整体院で回数券を買わされるけど得なの?返金はできる?柔道整復師が解説

整体院・整骨院で回数券を買わされそうになった。

整体で10万円もする回数券を買わされた。

この手の話は、16年も整骨院を経営していると耳に胼胝ができるほど聞かせていただきました。

少し前までは、整体院で回数券を買わせるなんてことはなかったのですが、徐々にこの手の経営方法が整体業界に広がり、今や回数券を売るのが当たり前になってしまったのです。

大前提として、わたしは回数券を販売していません。
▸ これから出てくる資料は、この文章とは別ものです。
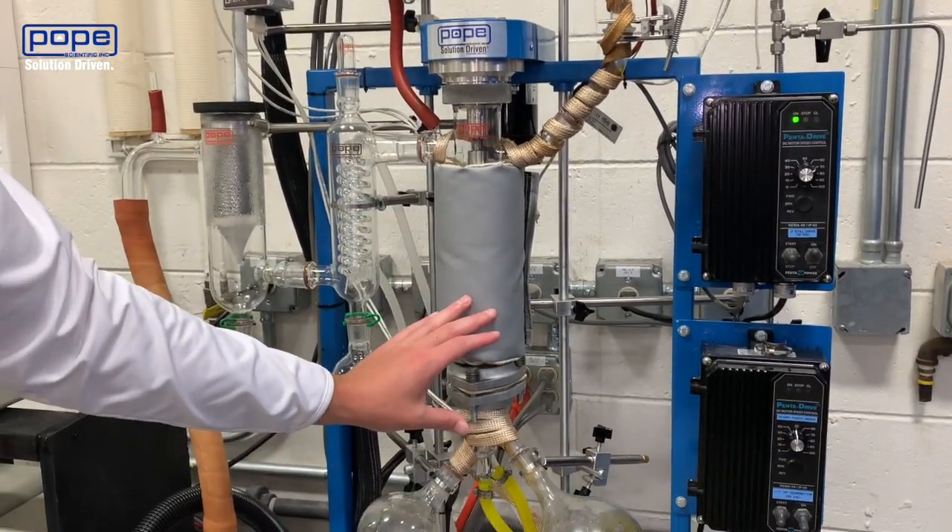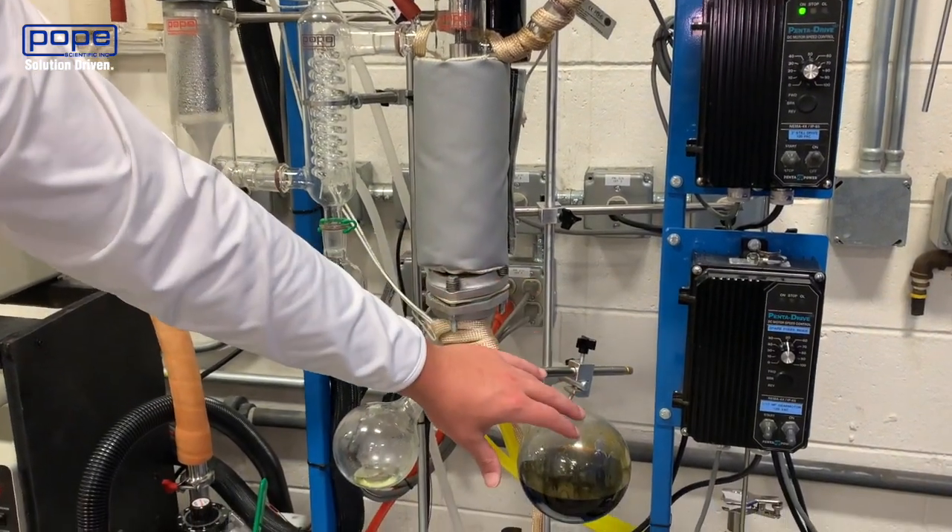Everything else, including your cannabinoids as well as residue, will be coming down into your right flask here.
だからと言って盲目的に回数券を否定するよう内容は書きません。

本ページでは、整体院の回数券を公平な立場からお伝えさせていただきます。みなさんにとってメリットがある内容になるよう全てをお伝えさせていただきまますので、よろしければご覧ください。

目次

何で整体院で回数券を買わされるの?

整体院で回数券を買わされる理由って何だと思いますか?

実は、この理由には「建前」と「本音」のふたつがあるんです。

建前の理由

回数券を買うと1回あたりの料金が安くなります。

たとえば、本来1回5000円の施術料金が、10回の回数券買うと40000円になり、1回あたり4000円で施術を受けることができます。というような流れです。

つまり、あくまでも患者さんの立場となったときに少しでもお安く施術を受けてもらうために回数券の販売をしているというのが整体院としての建前の理由です。

本音の理由

確実な売り上げを計上したい。

たとえば、初回来院された患者さんが次に来る保証はありません。でも、回数券を販売しておけば正直な話、次に来ても来なくても売り上げは計上されます。整体院だけに限らず、売り上げの予測がもっとも立たないのは「都度払い」なんです。

つまり、あくまでも経営目線に立ったときに売り上げを確実に形状させたいという思いが、回数券販売の本音の理由となります。

たまに、「回数券を売る整体院は腕に自信がないからだ!自信があれば患者さんが都度払いで来るはずだ!」と仰る先生方もいますが、これに関しては妄想憶測が過ぎます。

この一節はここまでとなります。